Guardate i Mondiali, guardate la politica italiana, guardate il Vaticano. Quanto conta in questi ambiti l’interesse generale e quanto pesano invece gli interessi di pochissimi?
Quando la finiremo di ritoccare le regole per giustificare l’inadeguatezza degli arbitri attuali e invece ci dedicheremo al rigoroso rispetto delle norme, allora sarà un giorno di speranza.

P.S.
Non so perché, ma oggi mi venne fuori una specie di omelia… Pardon.

Riassunto

Un imprenditore molto ricco, con una certa propensione alle scorciatoie non legali, si inguaia ad ogni passo della sua vita.
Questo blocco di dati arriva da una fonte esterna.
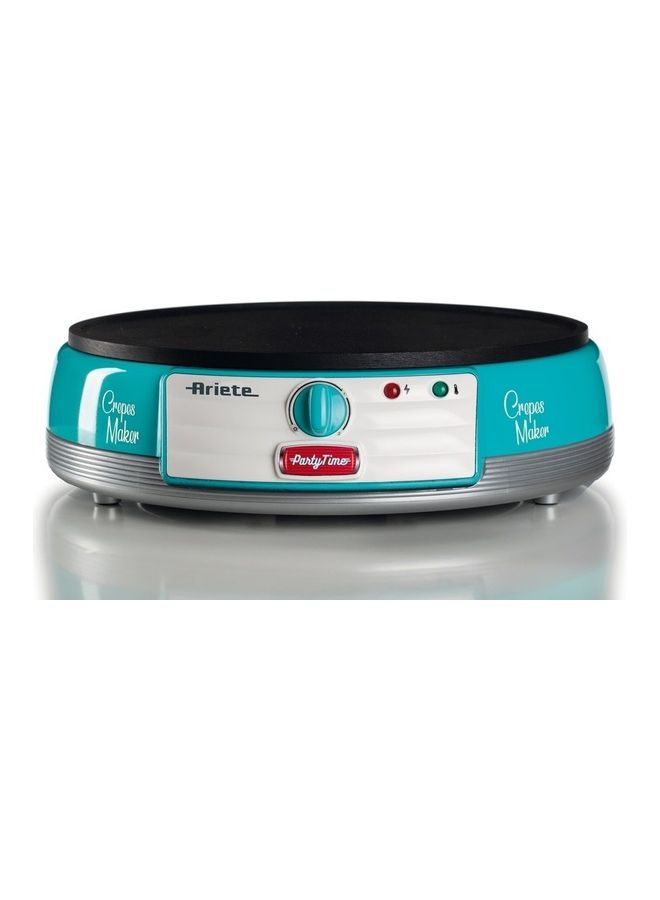 Party Time Crepe Maker 1000.0 W 0202 Light Blue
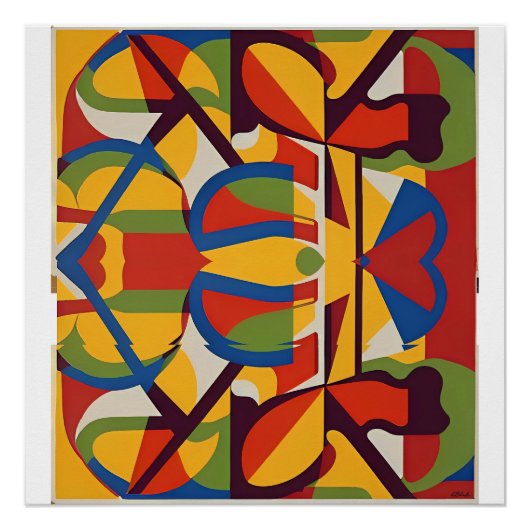 Ontwerp voor slow release perfect poster (Voorkant)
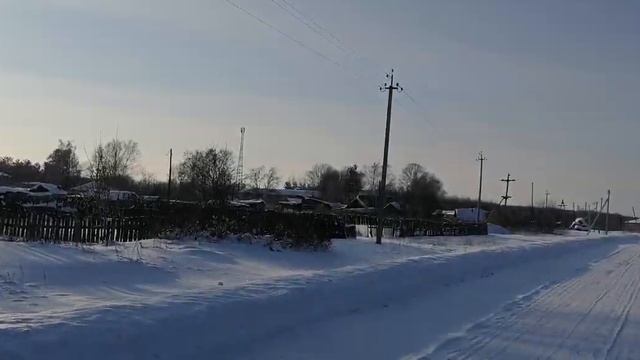 отдых зимой за городом , поселок Раздолье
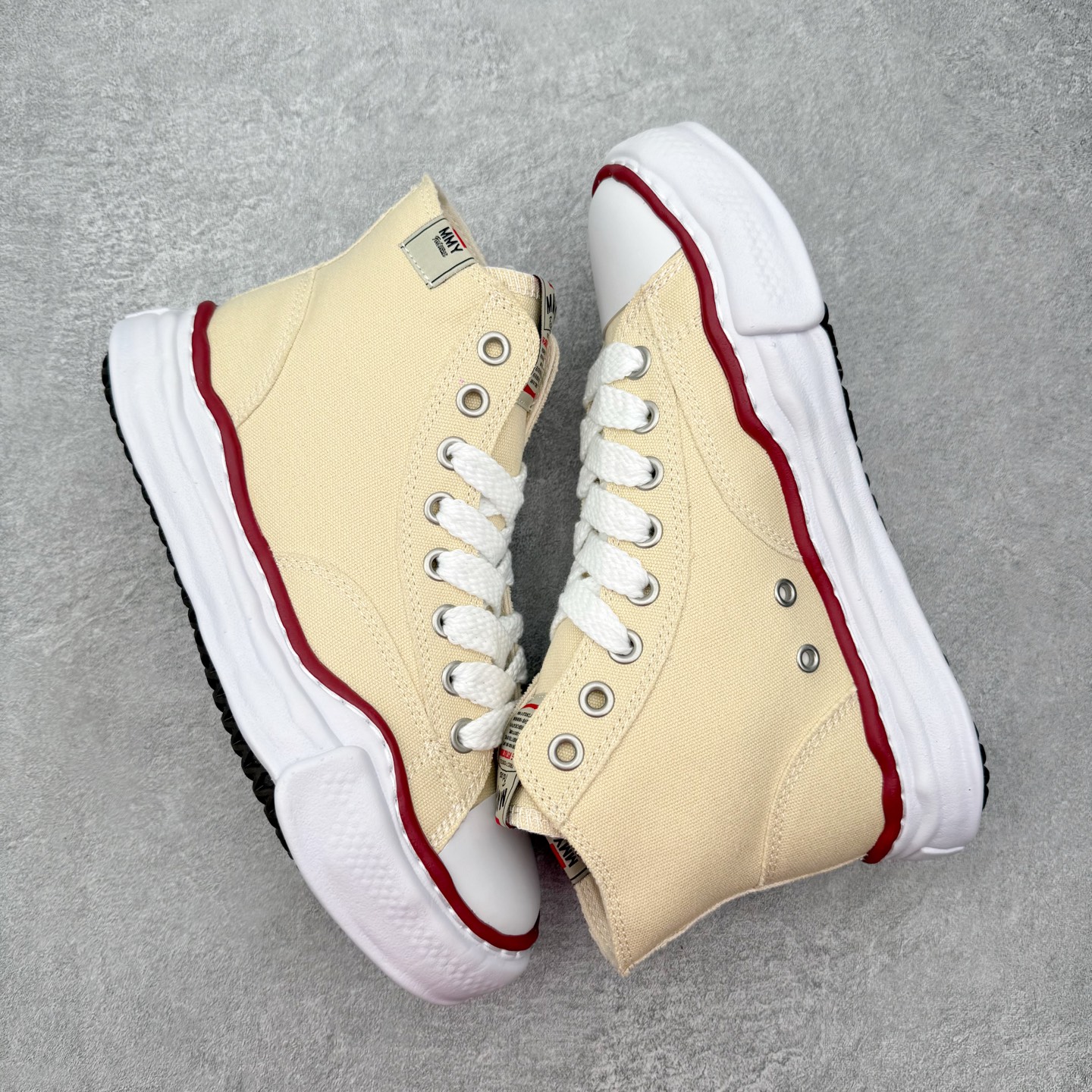 Maison Mihara Yasuhiro Peterson Sneakers 三原康裕创新溶解风变形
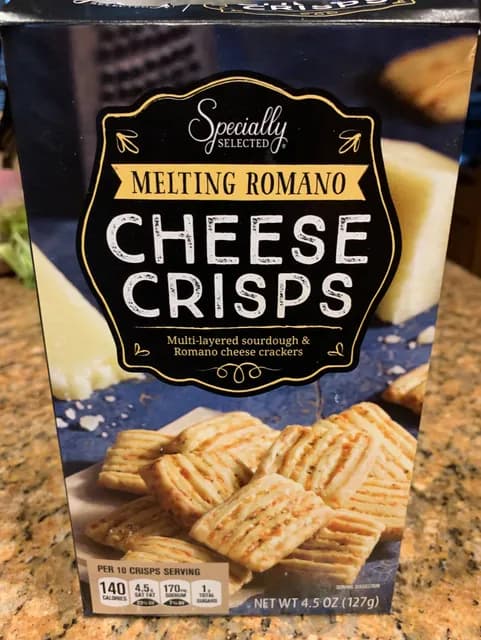 Is it Pescatarian? Specially Selected Melting Romano Cheese Crisps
Amicizie, frequentazioni, partnership, vicende familiari, scelte economiche, sportive, artistiche, politiche. Ovunque si cimenti, come per maledizione, c’è sempre un tarlo che rode l’architrave del suo progetto. Poi l’imprenditore diventa premier e costruisce una legge che impedisce di raccontare i capitoli più avvincenti e/o indecenti di questa storia.
Per cui questo è il massimo che si può dire. Un riassunto. Roba da quarta elementare.

Per questo non vinceranno mai

L’Italia dei Valori ha bocciato la candidata a vicesindaco di Reggio Emilia perché su Facebook aveva messo questa foto, giudicata troppo sexy.
Berlusconi, come minimo, l’avrebbe fatta sottosegretario.